# Thread: f is a power series. Will f' and f'' have the same interval of convergence as f?

1. ## f is a power series. Will f' and f'' have the same interval of convergence as f?

Say I have the following funciton -

$f(x) = \sum_{n=1}^{+\infty}\frac{x^n}{n2}$

and I am asked to find the interval of convergence for f, f'' and f'''. What is the process for getting the IoC for f'' and f'''?

Here is what I think I should do, please correct me if Im wrong -

1. Find where f(x) converges using the Ratio Test, I get |x| < 1 for this.
2. Then check the function for convergence at endpoints -1 and 1. Neither of these converge for me.
3. So I have interval of convergence (-1, 1).
4. Here is where I am not sure what to do - Rather than doing the entire process again for f(x) I can just differentiate $\frac{x^n}{n2}$ and then check the endpoints against this new function? Because the radius of convergence is the same for f and f'' (and f'''), the interval of convergence will still be between -1 and 1 and I only need to check the endpoints? Is this correct?

2. ## Re: f is a power series.
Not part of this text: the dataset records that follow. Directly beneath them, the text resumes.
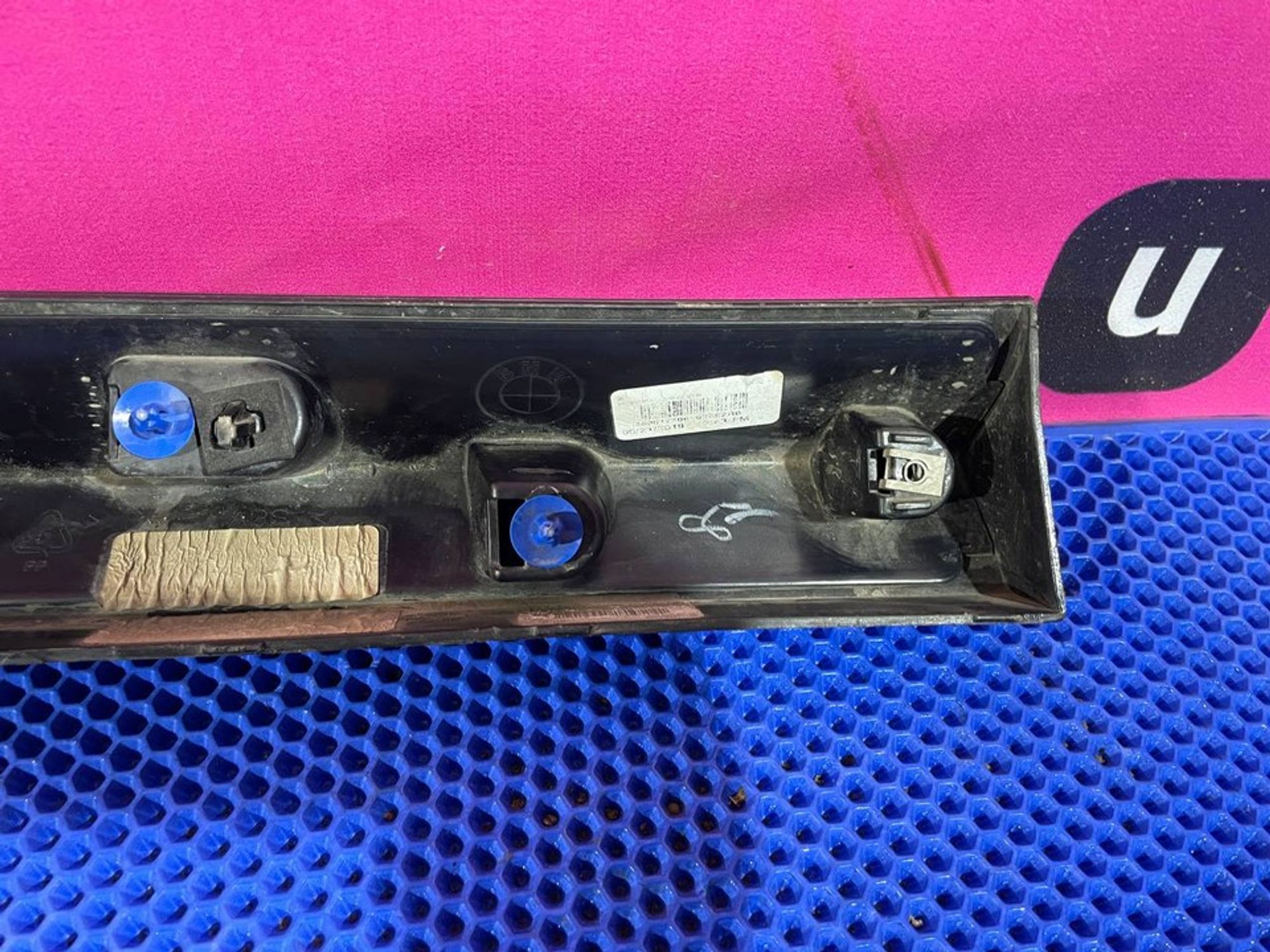 51138064794 Молдинг двери передней правой R BMW X3 G01, 900 рублей, Нижний Новгород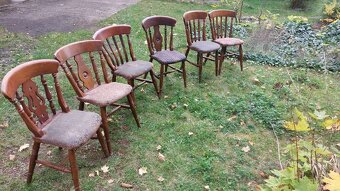 6x staré židle - 14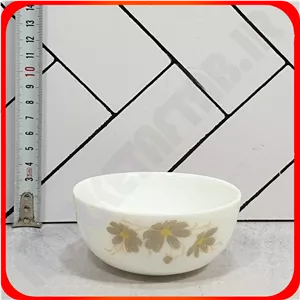 کاسه ترشی شقایق طوسی دیوالی آرکوپال گلدن اپال - بسته ۶ عددی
Will f' and f'' have the same interval of convergence as f?

Originally Posted by nukenuts
Say I have the following funciton -

$f(x) = \sum_{n=1}^{+\infty}\frac{x^n}{n2}$

and I am asked to find the interval of convergence for f, f'' and f'''. What is the process for getting the IoC for f'' and f'''?

Here is what I think I should do, please correct me if Im wrong -

1. Find where f(x) converges using the Ratio Test, I get |x| < 1 for this.
2. Then check the function for convergence at endpoints -1 and 1. Neither of these converge for me.
3. So I have interval of convergence (-1, 1).
4. Here is where I am not sure what to do - Rather than doing the entire process again for f(x) I can just differentiate $\frac{x^n}{n2}$ and then check the endpoints against this new function? Because the radius of convergence is the same for f and f'' (and f'''), the interval of convergence will still be between -1 and 1 and I only need to check the endpoints? Is this correct?
A basic theorem about power series extablishes that, given the power series...
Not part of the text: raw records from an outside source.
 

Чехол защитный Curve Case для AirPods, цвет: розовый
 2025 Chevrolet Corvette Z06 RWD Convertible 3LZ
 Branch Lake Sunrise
$a_{0} + a_{1}\ z + a_{2}\ z^{2}+...+ a_{n}\ z^{n} + ...$ (1)

... that coverges inside a circle centered in z=0 and with radious r, then the series of derivatives...

$a_{1} + 2\ a_{2}\ z + 3\ a_{3}\ z^{2} ...+ n\ a_{n}\ z^{n-1} + ...$ (2)
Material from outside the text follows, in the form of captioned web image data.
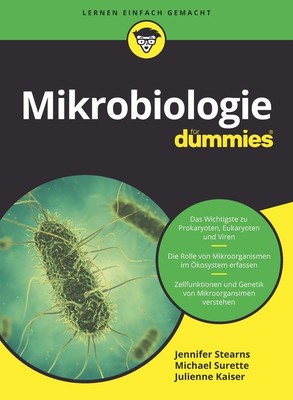 Mikrobiologie für Dummies ~ Jennifer Stearns ~  9783527717484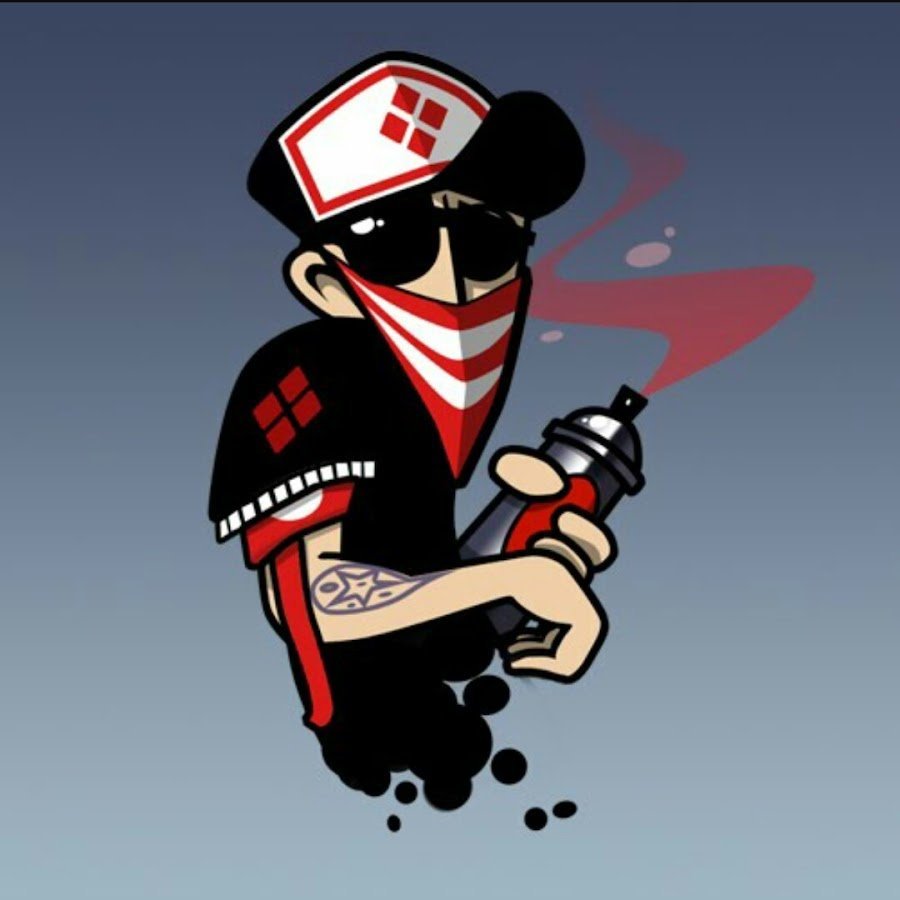 Граффити текстура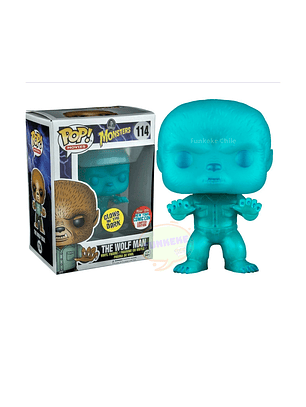 Funko Pop! The Wolf Man 114 - Glows in the dark | Monsters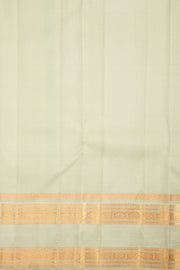 Blue Handloom Bridal Kanjivaram Silk Saree 10069171 - Avishya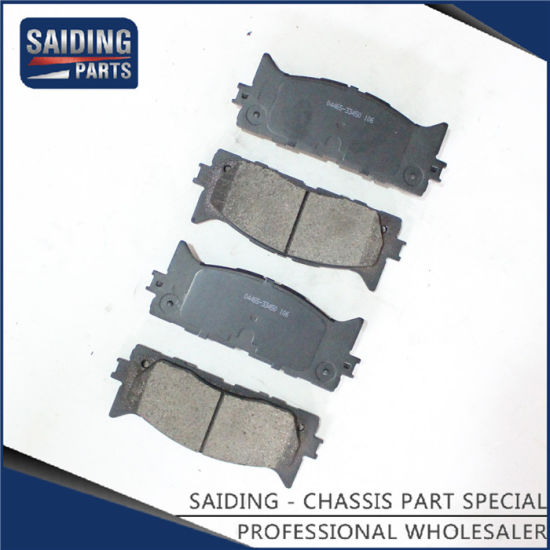 Saiding Genuine Auto Parts 04465-33450 Pastilhas de freio de cerâmica para Toyota Camry 05/2006-04/2015 Acv40 Ahv41 2azfe 1azfe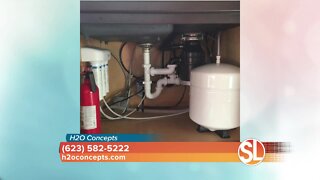 H2O Concepts talks about keeping toxic stuff out of the water in your home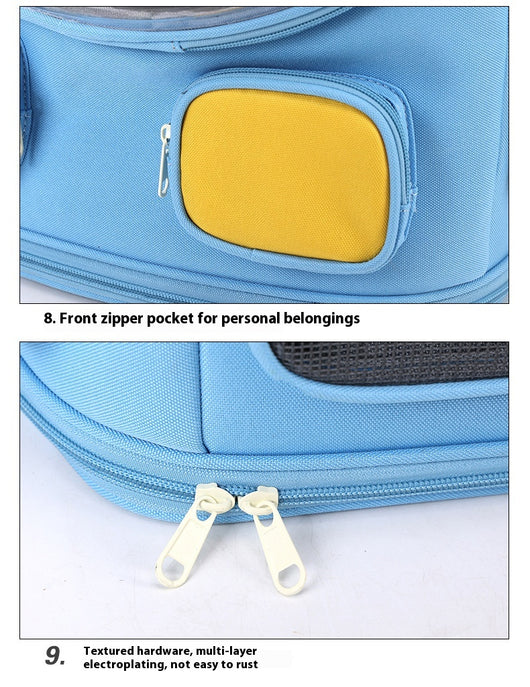 Mochila Escolar Portátil para Gatos - Gran Capacidad - Image 20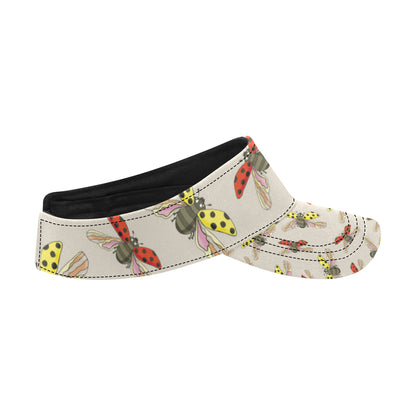 Ladybug Pattern Print Design 04 Unisex Sun Visor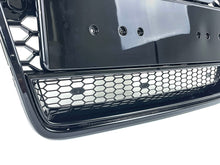 Glossy Black Honeycomb Front Grill for Audi A4 B7 Non-Sline 2006-2008 fg305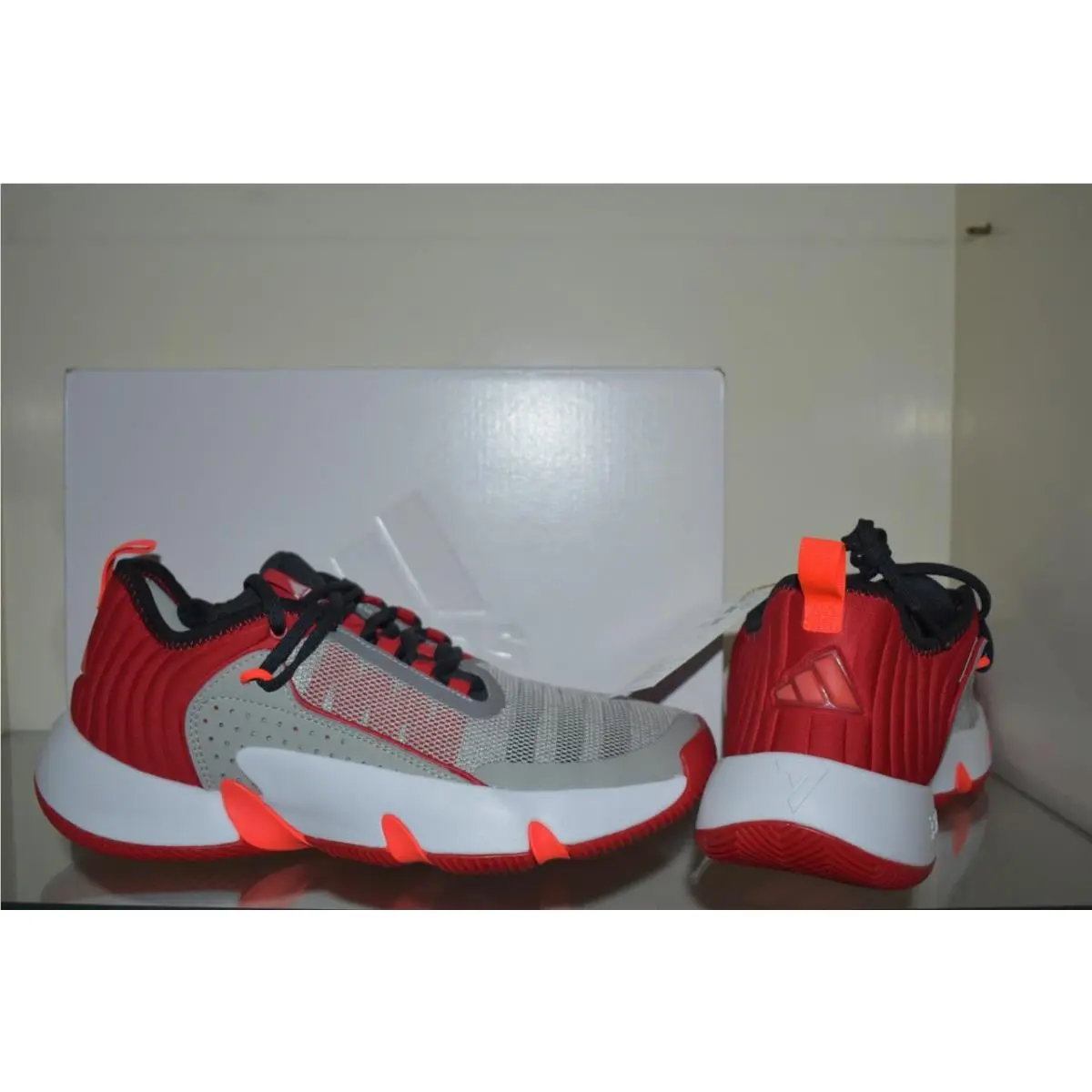 Adidas shoes - adidas Trae Unlimited - Trae Unlimited - IF5611 - Gray 1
... converges inside the same circle...

Kind regards

$\chi$ $\sigma$

3. ## Re: f is a power series. Will f' and f'' have the same interval of convergence as f?

Originally Posted by chisigma
A basic theorem about power series extablishes that, given the power series...

$a_{0} + a_{1}\ z + a_{2}\ z^{2}+...+ a_{n}\ z^{n} + ...$ (1)

... that coverges inside a circle centered in z=0 and with radious r, then the series of derivatives...

$a_{1} + 2\ a_{2}\ z + 3\ a_{3}\ z^{2} ...+ n\ a_{n}\ z^{n-1} + ...$ (2)

... converges inside the same circle...

Kind regards

$\chi$ $\sigma$
So in that case I dont even have to check the endpoints for f' and f''? The interval of convergence for f, f' and f'' is all exactly the same?

The reason I am unsure is because in Stewarts Calculus book it says the following
Although Theorem 2 says that the radius of convergence remains the same
when a power series is differentiated or integrated, this does not mean that the interval of
convergence remains the same. It may happen that the original series converges at an endpoint,
whereas the differentiated series diverges there.
So do I need to check the end points?

4. ## Re: f is a power series. Will f' and f'' have the same interval of convergence as f?

Originally Posted by nukenuts
So do I need to check the end points?
Absolutely (no pun intended!). BTW, is the 2 in your series

$\frac{1}{2n}$ or $\frac{1}{2^n}$?

5. ## Re: f is a power series. Will f' and f'' have the same interval of convergence as f?

Originally Posted by Danny
Absolutely (no pun intended!). BTW, is the 2 in your series

$\frac{1}{2n}$ or $\frac{1}{2^n}$?
Oops, its supposed to be n^2.

6. ## Re: f is a power series. Will f' and f'' have the same interval of convergence as f?

Yep - really makes a difference! Good question.